And then I did finish. On time. Which was particularly beautiful because there were many moments of despair when I thought to myself: there isn’t a single chance in hell I’ll get around to processing all this data, then analyzing it with any sort of precision and then also writing thousands upon thousands of coherent words. But I did it. I finished on time, I got a very nice – nothing like I had secretly hoped for, but I have recently learned to be more humble about this kind of thing so it’s fine – grade and now I had the time to apply for all of the dream jobs and ‘now’ jobs, and everything in between because, world, this master of science is fucking ready for you.

But, as these things usually go, I haven’t quite figured out how to get hired yet. Much to my surprise – because I’m a humble motherfucker like that – I seem to be quite hirable. At least in theory. It’s probably more accurate to say I’m ‘interviewable’, at this point. I have good credentials, international work and research experience, I speak languages, bla bla bla. And yet here I am: one and a half months’ worth of interviews and niente. The first interview was a disaster. The job looked amazing on paper and would literally solve all of my current problems: Finding a research-related job, tick! Attain work experience in an international nonprofit, tick! Great benefits, tick! It was like my to-do list would be done in one go. So I was pretty excited and moderately nervous. ‘Moderately’ is probably an understatement, to be honest.
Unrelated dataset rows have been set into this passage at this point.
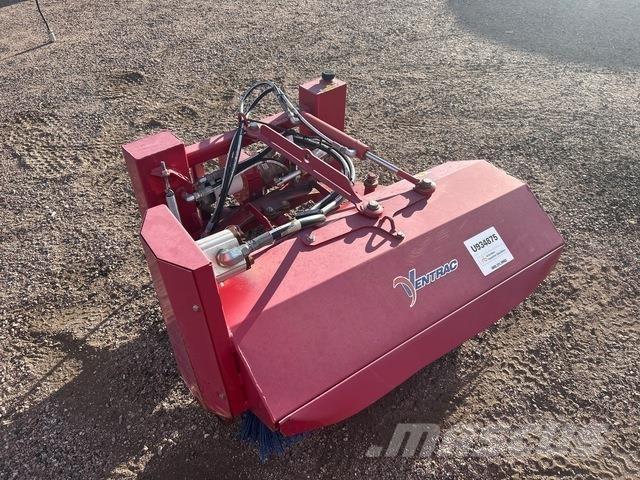 Ventrac NJ380 Metle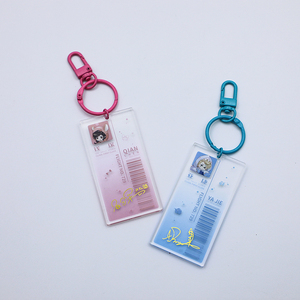 Llavero Acrílico Personalizado al por Mayor con Colores Degradados Transparentes, Impresión Dorada y Código de Barras, Exclusivo para Miembros de Grupos de Ídolos - Product Image 2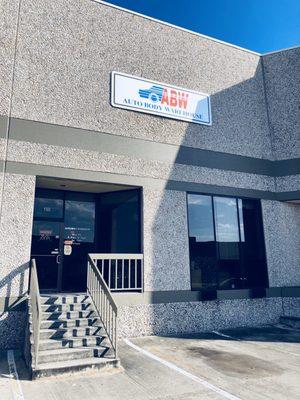 Autobody Warehouse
I bought a blouse for this interview. I rehearsed how I would explain my education and work experience. I tried to use all the tips I’d read on multiple websites and specifically stuck to the idea that one should think of interviews simply as “meetings” so you don’t feel so nervous. By the time I left my house – ridiculously early, of course – I felt ready. Ish.
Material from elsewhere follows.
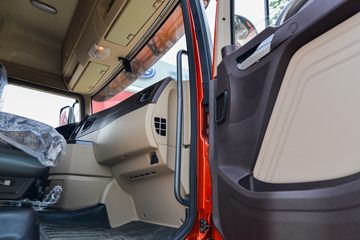 �ൺ��� JH6�ؿ� �캽�� 510���� 6X4 AMT�Զ���ǣ����(CA4259P25K15T1E6A80)ͼƬ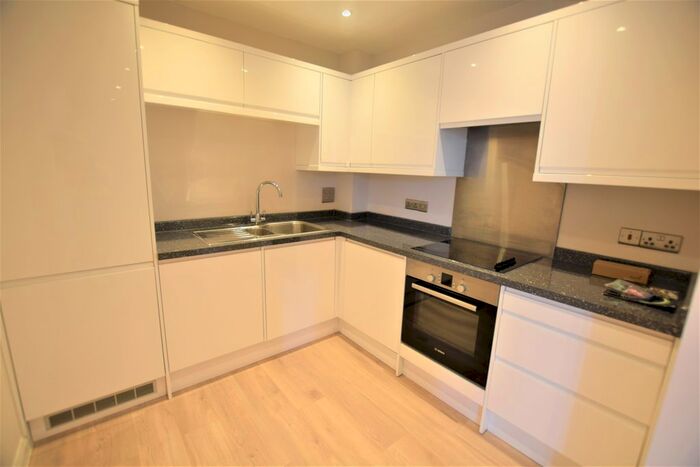 1 Bedroom Flat To Rent In High Street, Camberley GU15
So I’m sitting across this very odd and clearly stressed out man who would be my direct boss – who also seems convinced that his mission in life is to make me run for the door glad I didn’t have to work in this place. His own boss is also there and she varies between smiling and seriousness in a way that makes me incredibly uncomfortable. As I’m answering the millionth question about how well I deal with pressure and stress – like I said, they were working hard to make me hate this job – I start thinking how funny it is that I had just spent two years interviewing people for my research and now I’m the one being interviewed and observed for the nuances in my answers.

I get caught up in the irony of the situation until I realize, pretty much mid-sentence, that not only had I continued talking while thinking of something else, but I have also completely forgotten what I was saying. I start sweating. I have been blabbing for about a minute about god knows what and I have no idea how to end it. They’re staring at me like I’m weird. “Fuck, fuck, fuck”, I think. But it’s too late. So I say something like “yeah, so, you know, that’s it” and smile. They look at one another and then at me with a forgiving face and decide to move on to more of their favorite activity: making the job sound awful. I would have felt like an immediate failure if it weren’t for the fact that I rocked the remainder of the interview questions – let’s just say I stopped building fucking hypotheses in my head because unlike my sociological research, I wasn’t recording this interview for analysis purposes later, this shit was live and entirely once-off.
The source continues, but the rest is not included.